Wednesday, December 01, 2010

Setting The Bar

So we were watching our favorite re-run shows: Dharma and Greg, and the plot involved their two lives before they were married to each other. Greg had proposed to his girlfriend by putting the ring in a glass of champagne at a nice restaurant. The fiancee was recounting this to her future mother-in-law, who replied, "How romantic!" Then Greg's father, getting himself another Scotch, leaned over to Greg and said, sotto voce, "Slow down, son, you're setting the bar awfully high--it's a long haul." This, of course got a big laugh---even from us.

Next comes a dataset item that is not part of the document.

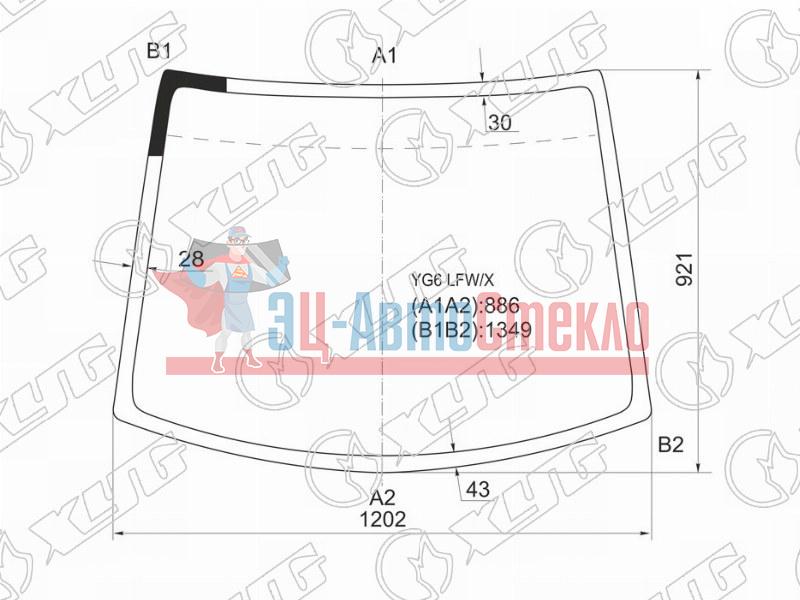 Стекло лобовое SUZUKI MR WAGON /NISSAN MOCO 01-06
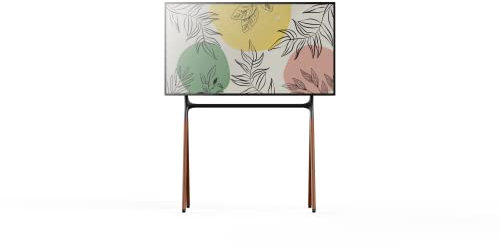 POUT Soporte de pantalla de estudio de TV E16, caballete de madera maciza de cuatro patas con soporte blanco ajustable en altura y bridas para cables, carga máxima de 88 libras, pantallas LED LCD VESA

But, I immediately thought back to when CoolGuy and I were first together. My parents weren't particular demonstrative with each other. I don't recall my dad getting my mom flowers, except perhaps on her birthday. They kissed a little, sometimes he'd give her a little pat on the fanny in passing and she'd giggle and demure. So, anyway---I didn't have great expectations of fabulous romance. Plus, I'd inherited the practical gene from my mom, and I hadn't had any boyfriends up to that point who'd gone out of their way to be particularly chivalrous. And--gee---I'd spent most of my life being manly--hauling hay, milking cows, cleaning barns. I didn't have much practice being a delicate flower of a lady.

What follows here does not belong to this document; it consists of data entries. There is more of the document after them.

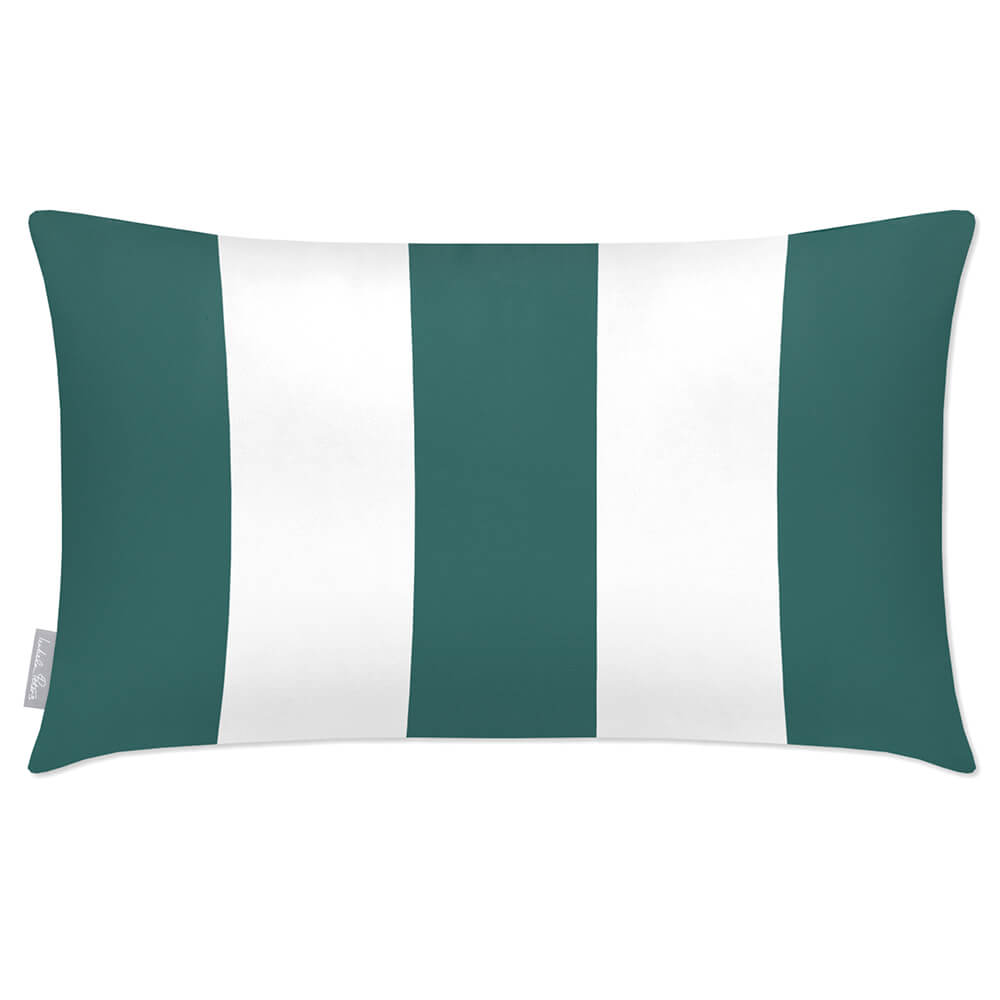 Outdoor Garden Waterproof Rectangle Cushion - 3 Stripes - Forest Biome 50 x 30 cm by Izabela Peters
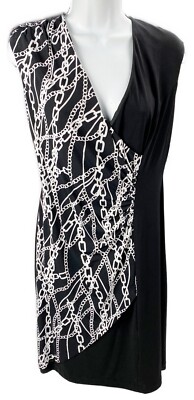 10 Connected Apparel Stretch Black Dress VNeck White Chain Ruched Side Pullover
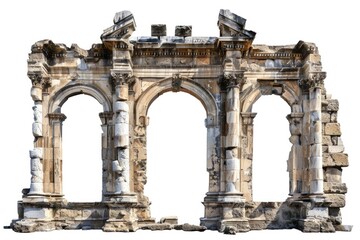 Poster - A large arch with statues on top, suitable for backgrounds and architectural designs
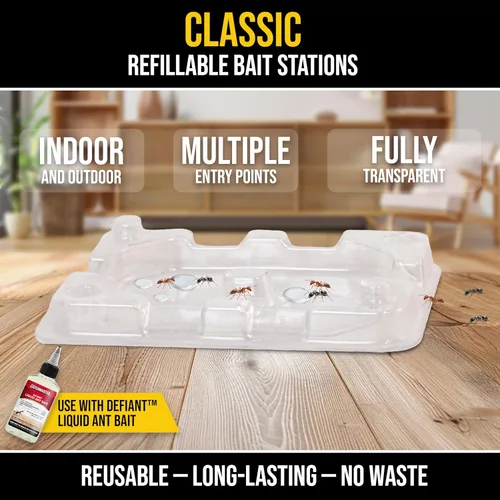 Vista 2 de Catchmaster DEFIANT - Recambio de trampas para hormigas reutilizables para interiores (paquete de 16) – Eficaz mata hormigas líquido – Cebo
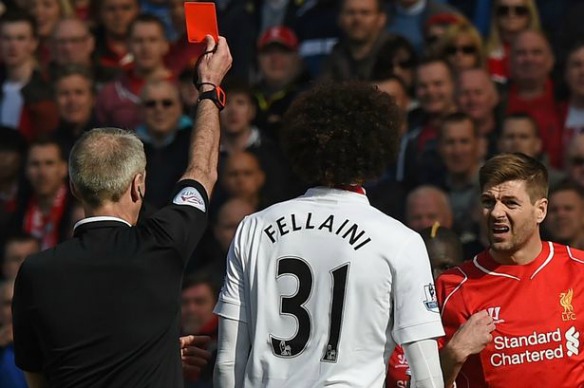 Steven Gerrard Red card Liverpool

But the day that CoolGuy came rolling into the driveway with a bouquet of daisies strapped to the sissybar of his chopper...seriously...that was sooooo romantic and dear. I was bowled over. There was no special occasion, he'd just seen the flower stand lady as he waited at a light and thought of me, and acted on the impulse. It was awesome.

Just like tonight, when I came home from work, dead, and there he was, dressed in his jeans and boots and biker vest with the hand-embroidered "Shovelhead" patch on the back, cleaning the sink as he filled the dishwasher. He set the bar high with the daisies and he just keeps leaping over it, higher and higher.

1 comment:

Blondi Blathers said...

Sweet entry. It's important to notice and appreciate the many little things our spouses do, and not expect them to jump through romantic hoops all the time. I think you've got it just right.